If the urge to punch the final hole in your coffee shop rewards card has you rerouting your walks, you’ve fallen for a loyalty program.
The drive to reach a small “gift” — a free latte, a seat upgrade on a flight — is why businesses offer rewards programs in the first place. Luring people into coming back repeatedly means a company can bank on returning customers, and we like those tiny achievements. “We are often trying to reach goals. And if they’re complementary to what we carry out in day to day life, they become attainable,” says Vijay Viswanathan, a marketing researcher at Northwestern University. At least, that’s the classic philosophy behind our love of loyalty programs. But over the years, it’s become clear that we like rewards not just because of the gifts themselves, but because of who gets to see us receive them.
Eyes On the Prize
Companies have an ideal customer in mind: It’s the person who repeatedly buys items with a high profit margin, Viswanathan says. Rewards programs do the work of locking in the “repeat” part of the perfect shopper. It’s less expensive to have buyers that come back than it is to recruit and tempt new ones, Viswanathan says, and helps businesses build an idea of what future revenue will look like when there’s a stable of returning shoppers.

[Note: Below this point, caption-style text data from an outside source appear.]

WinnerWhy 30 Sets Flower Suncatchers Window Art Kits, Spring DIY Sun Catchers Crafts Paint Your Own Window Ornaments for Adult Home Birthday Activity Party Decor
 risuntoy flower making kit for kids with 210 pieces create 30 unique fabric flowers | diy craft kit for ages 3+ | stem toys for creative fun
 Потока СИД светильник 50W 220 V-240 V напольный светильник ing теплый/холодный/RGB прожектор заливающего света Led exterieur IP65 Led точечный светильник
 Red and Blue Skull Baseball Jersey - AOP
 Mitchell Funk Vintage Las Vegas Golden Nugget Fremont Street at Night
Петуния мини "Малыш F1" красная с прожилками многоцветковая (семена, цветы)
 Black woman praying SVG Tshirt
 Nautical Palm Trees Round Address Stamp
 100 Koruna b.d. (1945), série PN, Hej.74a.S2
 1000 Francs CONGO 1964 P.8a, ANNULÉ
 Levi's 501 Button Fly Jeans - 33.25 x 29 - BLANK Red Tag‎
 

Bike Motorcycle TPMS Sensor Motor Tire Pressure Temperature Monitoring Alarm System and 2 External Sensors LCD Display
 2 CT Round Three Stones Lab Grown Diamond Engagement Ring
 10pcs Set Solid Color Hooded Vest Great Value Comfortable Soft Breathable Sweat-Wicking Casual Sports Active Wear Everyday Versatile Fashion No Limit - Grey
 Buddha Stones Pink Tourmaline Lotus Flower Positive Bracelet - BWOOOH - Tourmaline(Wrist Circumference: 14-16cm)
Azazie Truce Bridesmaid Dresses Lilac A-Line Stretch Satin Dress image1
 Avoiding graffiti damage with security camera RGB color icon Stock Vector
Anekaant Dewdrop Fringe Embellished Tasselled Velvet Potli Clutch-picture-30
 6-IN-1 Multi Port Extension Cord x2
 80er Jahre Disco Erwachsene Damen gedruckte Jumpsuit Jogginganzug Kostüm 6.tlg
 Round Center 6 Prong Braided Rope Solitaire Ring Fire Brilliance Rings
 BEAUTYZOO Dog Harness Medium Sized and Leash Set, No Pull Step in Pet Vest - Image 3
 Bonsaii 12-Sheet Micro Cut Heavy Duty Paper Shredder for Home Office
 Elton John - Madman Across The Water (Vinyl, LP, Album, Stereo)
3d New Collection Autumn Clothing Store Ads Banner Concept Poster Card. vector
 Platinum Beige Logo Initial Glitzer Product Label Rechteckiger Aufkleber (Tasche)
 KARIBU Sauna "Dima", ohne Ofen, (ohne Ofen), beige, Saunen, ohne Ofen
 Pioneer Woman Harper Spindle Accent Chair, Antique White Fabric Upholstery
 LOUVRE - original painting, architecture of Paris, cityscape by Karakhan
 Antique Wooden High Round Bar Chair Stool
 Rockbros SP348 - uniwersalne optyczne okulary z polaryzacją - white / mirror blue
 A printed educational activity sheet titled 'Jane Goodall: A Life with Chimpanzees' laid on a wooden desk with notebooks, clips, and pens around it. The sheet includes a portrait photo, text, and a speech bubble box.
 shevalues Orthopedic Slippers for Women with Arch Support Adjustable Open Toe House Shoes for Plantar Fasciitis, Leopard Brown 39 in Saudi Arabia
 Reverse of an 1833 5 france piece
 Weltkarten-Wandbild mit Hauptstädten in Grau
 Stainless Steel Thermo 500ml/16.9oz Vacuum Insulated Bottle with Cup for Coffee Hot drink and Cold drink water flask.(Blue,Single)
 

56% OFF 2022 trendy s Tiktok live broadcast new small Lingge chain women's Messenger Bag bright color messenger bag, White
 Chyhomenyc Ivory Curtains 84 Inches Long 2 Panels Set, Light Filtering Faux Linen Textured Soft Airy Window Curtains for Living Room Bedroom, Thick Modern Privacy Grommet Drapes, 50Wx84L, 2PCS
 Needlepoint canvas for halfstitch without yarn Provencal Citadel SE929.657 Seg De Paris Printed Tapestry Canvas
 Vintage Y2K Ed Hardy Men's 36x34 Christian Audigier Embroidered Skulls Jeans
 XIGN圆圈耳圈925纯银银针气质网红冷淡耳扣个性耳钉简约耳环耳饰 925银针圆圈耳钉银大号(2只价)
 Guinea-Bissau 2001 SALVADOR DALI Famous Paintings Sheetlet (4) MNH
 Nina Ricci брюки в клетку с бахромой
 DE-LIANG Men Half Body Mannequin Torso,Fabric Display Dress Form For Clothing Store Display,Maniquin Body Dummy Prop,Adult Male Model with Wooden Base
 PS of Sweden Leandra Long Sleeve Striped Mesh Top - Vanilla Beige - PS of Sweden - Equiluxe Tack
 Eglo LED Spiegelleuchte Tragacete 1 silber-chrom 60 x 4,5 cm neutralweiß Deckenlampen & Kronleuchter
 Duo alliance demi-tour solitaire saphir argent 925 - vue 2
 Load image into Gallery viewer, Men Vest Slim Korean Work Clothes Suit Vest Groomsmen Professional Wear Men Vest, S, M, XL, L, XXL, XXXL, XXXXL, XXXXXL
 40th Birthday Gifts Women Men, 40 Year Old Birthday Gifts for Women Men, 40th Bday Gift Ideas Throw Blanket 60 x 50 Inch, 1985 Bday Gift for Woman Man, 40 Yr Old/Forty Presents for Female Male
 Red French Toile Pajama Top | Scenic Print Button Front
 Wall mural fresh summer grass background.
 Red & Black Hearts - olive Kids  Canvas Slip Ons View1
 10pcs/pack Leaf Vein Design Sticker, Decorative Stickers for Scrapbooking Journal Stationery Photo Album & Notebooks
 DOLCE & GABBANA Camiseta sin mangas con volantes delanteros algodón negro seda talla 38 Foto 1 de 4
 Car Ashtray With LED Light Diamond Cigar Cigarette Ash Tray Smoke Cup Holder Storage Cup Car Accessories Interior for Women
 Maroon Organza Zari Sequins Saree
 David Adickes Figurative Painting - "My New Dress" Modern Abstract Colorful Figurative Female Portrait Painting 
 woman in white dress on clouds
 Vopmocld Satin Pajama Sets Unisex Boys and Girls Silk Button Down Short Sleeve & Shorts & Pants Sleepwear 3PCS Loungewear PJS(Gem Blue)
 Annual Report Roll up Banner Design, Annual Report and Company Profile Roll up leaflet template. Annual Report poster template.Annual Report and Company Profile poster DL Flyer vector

How the program tempts you depends on how easy it is to switch to competing services, says Mark Vandenbosch, a retired marketing researcher at Western University in Canada. For example, bouncing around between gas station companies is as simple as pulling into a different parking lot on your way home. To convince you to seek out their brand every time you drive, gas stations offer programs that try to build a habit — small rewards offered regularly. Credit card companies, however, are slightly harder to go between. “Once I choose one over the other, I’m a little invested,” Vandenbosch says. Switching banking information can be a pain. Rewards programs offer huge incentives during the first few months, convincing people to stick it out and reach the phase where leaving the card sounds like a hassle.
In either situation, the rewards are achievable — and we respond just the way companies want us to. Since the 1930s, behavior researchers have discussed the observation that the closer an animal (or a human) is to a reward, the harder or faster we work to reach it. And in 2006, marketing researchers from Columbia and Fordham Universities in New York put the idea to the test with loyalty programs.
The team gave study participants in a cafe with rewards cards and tracked how long it took shoppers to get all ten punches for a free coffee, as well as how much time passed between each visit. After each punch, the time it took for the customer to come back and get another one dropped. Overall, shoppers filled their card 16 percent faster than they would have if the gap between each coffee was as long as it was between the first and second cups.
Even the illusion of progress on the “free coffee” goal had people return faster. In one set up, the researchers posed as employees and gave shoppers one of two kinds of rewards cards: One that was empty with 10 spaces to fill, or one with 12 total spaces where two were already punched. Each group had to get 10 punches for their reward. But those with the two already completed finished the card in just under 13 days, while those with the empty 10-punch card filled it in nearly 16.
Suckers for Status
That potential rewards make us buy more — and faster — has become a classic rationale for businesses starting loyalty programs. And in his research, Viswanathan has found the systems, particularly those with different tiers of membership, have another attraction. “Social comparisons become a pretty important driver for people to join loyalty programs,” Viswanathan says. People pursue soft rewards, which are things without financial benefit like a so-called “platinum status” or priority treatment, because it makes them feel special or because other people see them being treated differently.
And brands want those high-spending customers to show off the perks. “Why would I give a high lifetime value customer the status? So that they can talk about the program,” Viswanathan says. As friends, coworkers and family see someone get special treatment, they too are tempted to join the rewards system and get the same status — a result companies are looking for. Someone with the time, funds and dedication to rise through loyalty ranks probably knows other people who would behave similarly and are people the company wants as customers, Viswanathan says. The love of status shows how rewards programs can fail, too. If higher tiers or gifts are too easy to reach, the value gets diluted, Viswanathan says. People don’t feel special for reaching those upgrades anymore, and look for something more exclusive.
Another piece of information that might burst your rewards program bubble: Most companies that offer them have models that are similar to their competitors. Over time, businesses have found that constantly undercutting one another and offering more “rewarding” programs is only a race to the bottom, Vandenbosch says. The perks and gifts cost the company, and if the scenario gets too competitive, could dent profits instead of boost them.
So rest assured that no matter which program you pick, they’re all similar and have the same aims. And know that your barista didn’t punch two holes in your new rewards card because they were being nice.